Zachciało mi się wczoraj, po ponad roku męczenia się z malutkim ekranikiem, nabyć nowy wszystkofon. Taki z serii goli, pier*li, krawaty wiąże, usuwa ciąże.
Ponieważ jestem osobnikiem dość rozległym we wszystkich kierunkach (głównie w pionie, ale w poziomie też mi niczego nie brakuje...) postanowiłem nabyć wszystkofon z odpowiednio dużym ekranem. Akurat pojawił się w Irlandii w sprzedaży nowy Note, więc od wczoraj jestem dumnym właścicielem tego skrzyżowania parasola z patelnią.
Note 2 jest wielki. Wprawdzie niby ciut węższy i cieńszy od swojego starszego brata, ale nadrabia długością (gdzieś te pięć i pół cala trzeba upchać). Obsługiwanie go jedną ręką jest możliwe, ale trzeba mieć naprawdę długie paluchy (na szczęście takowe posiadam, więc całkiem sprawnie to idzie).
Przy uchu Note wygląda prześmiesznie. Z założenia jest to telefon służący bardziej do konsumowania informacji online niż do rozmów, więc jak ktoś dużo gada, powinien zapomnieć o tej patelni i kupić sobie coś mniej zasłaniającego słońce. Ewentualnie zaopatrzyć się w słuchajkę na Sinozębym.

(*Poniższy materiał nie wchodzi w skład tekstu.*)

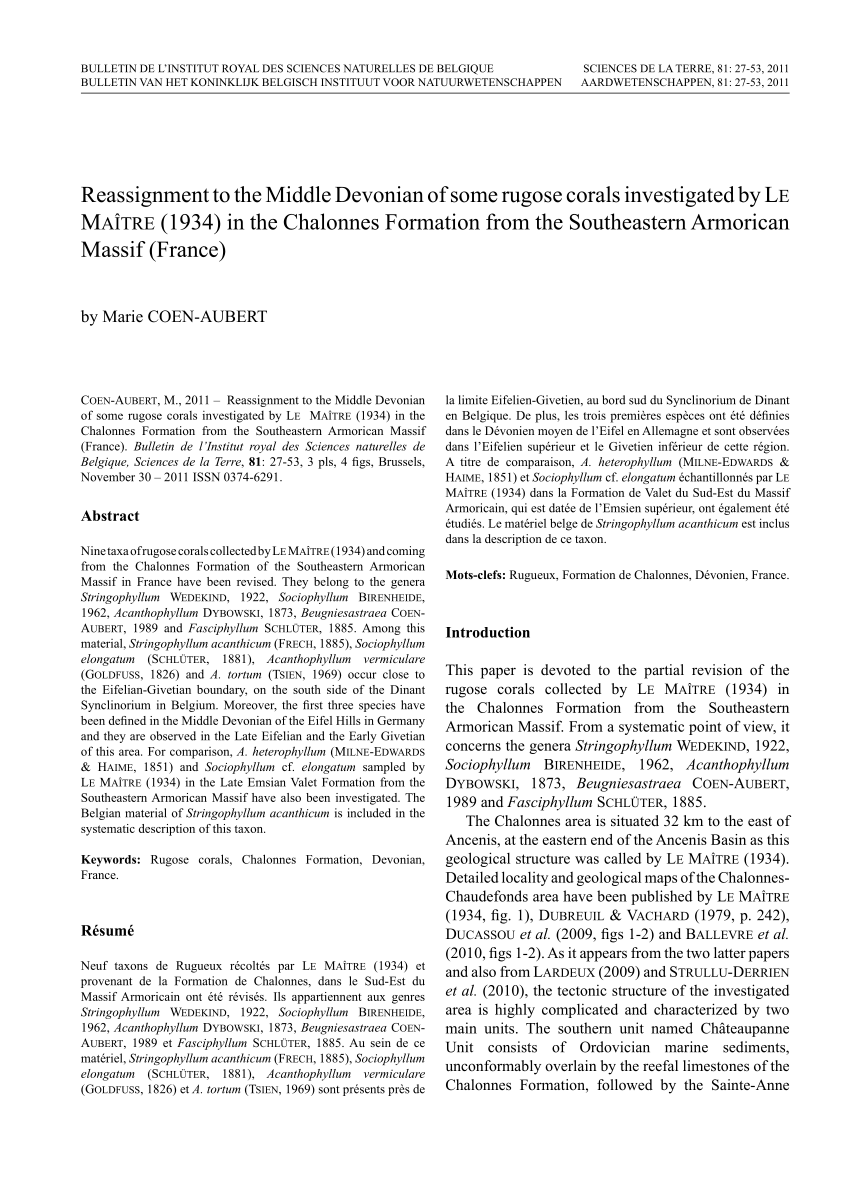 Pdf Reassignment To The Middle Devonian Of Some Rugose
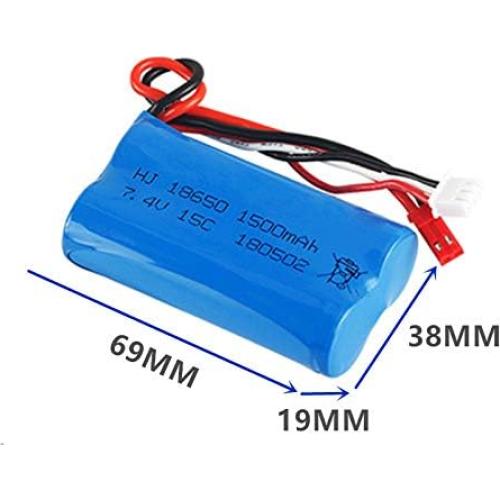 Batería Li-ion 7.4V 1500mAh con conector JST - 2 paquetes con cargador USB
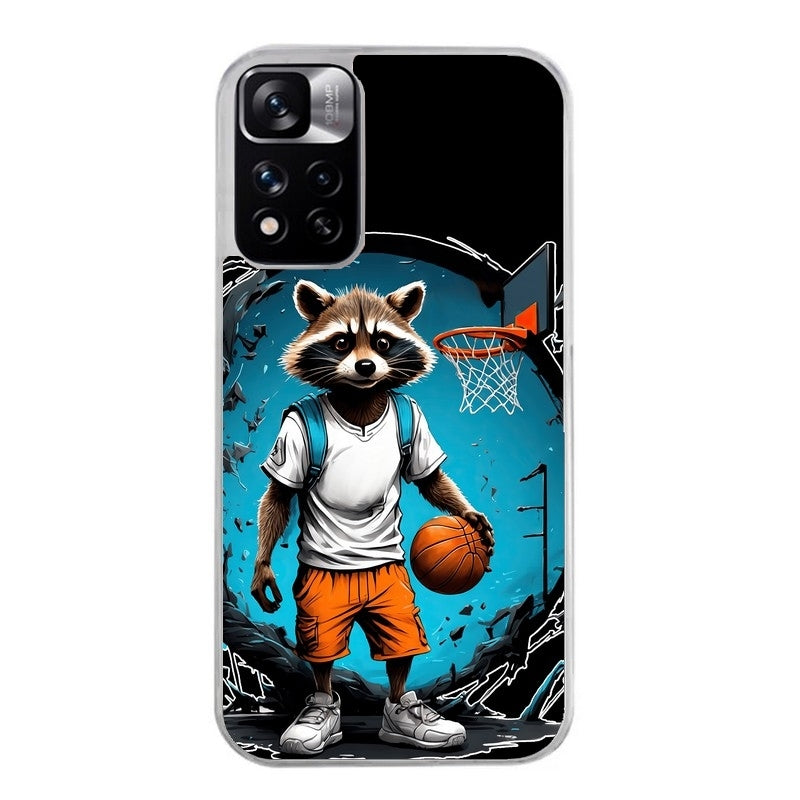 Coque taperso pour Redmi Note 10 4G 5G PRO 10S avec motif basket racoon protection antichoc personnalisée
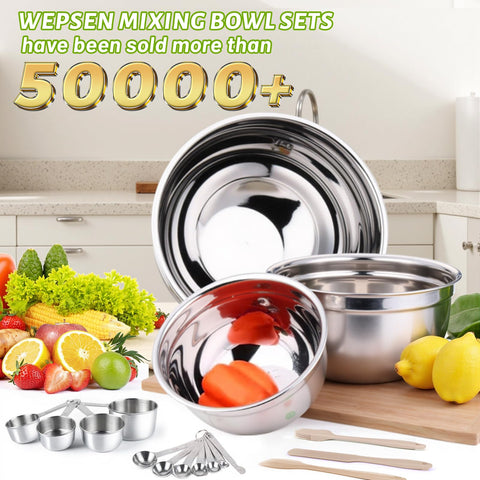 WEPSEN bol de mezcla khaki 4-5qt con tapa hermética para porciones grandes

Nie obyło się, rzecz jasna, bez zgrzytu, ponieważ - zgodnie z obietnicą złożoną półtora roku temu - właśnie skończył mi się końtrakt z moim w rzyć tlenionym operatorem i się przeniosłem do firmy z czerwoną łezką w logo.
To znaczy, próbuję się przenieść.
Mieli mnie przełączyć dziś o ósmej rano. Jest, ku chwale ojczyzny, wczesne popołudnie, a moja stara karta SIM jest ciągle aktywna. A patelnia leży odłogiem.
Próbuję się dodzwonić do biura obsługi VF, ale mnie tam automaty nie rozpoznają jako "swojego" i nie idzie się przegryźć. W O2 natomiast mówią, że to nie ich broszka i żebym dzwonił do VF. W przypływie rozpaczy spróbowałem się dodzwonić do salonu, w którym nabyłem patelnię, ale niestety nikt nie odbiera, a ichnia poczta głosowa nie nagrywa już nowych wiadomości ze względu na przekroczony limit.
No i weźże tu, człecze, bądź mądry.
Poczekam jeszcze parę chwil, może wreszcie zabangla... Najgorzej, że będąc Pomiędzy, nie bardzo mam na kogo nafukać.
Przy okazji, słówko "fukać" w kontekście angielszczyzny nabiera całkiem nowego uroku.
No ale nie ma co narzekać. Z takim gigantem w spodniach niestraszne mi dyskusje typu "kto ma większego?"
😉
A próbowałeś restartować tą patelnię?
Tak. Obydwa telefony, średnio raz na piętnaście minut, od rana. Ubaw po pachy…
Niedawno przełączałem inny numer (tak samo, z O2 na VF) i tam poszło sprawnie. Karta O2 przestała działać, zrestartowałem drugi telefon (ten z kartą VF) i zabanglało od pierwszego kopniaka. A tutaj szopki jakieś.
nie rozwarzales opcji kupienia naprawde najprostrzego telefonu (ew. telefonu a nie paletki pingpongowej) a 'zaoszczedzone' fundusze wydac na tablet 10 cali?
niby jedno urzadzenie wiecej do dzwigania, ale komfort korzystania nieporownywalny. Telefon do telefonowania, tablet do wszystkiego innego co wczesniej robil telefon z internetem
Rozważałem, i owszem. I nie jesteś pierwszym, który mi takie rozwiązanie sugeruje.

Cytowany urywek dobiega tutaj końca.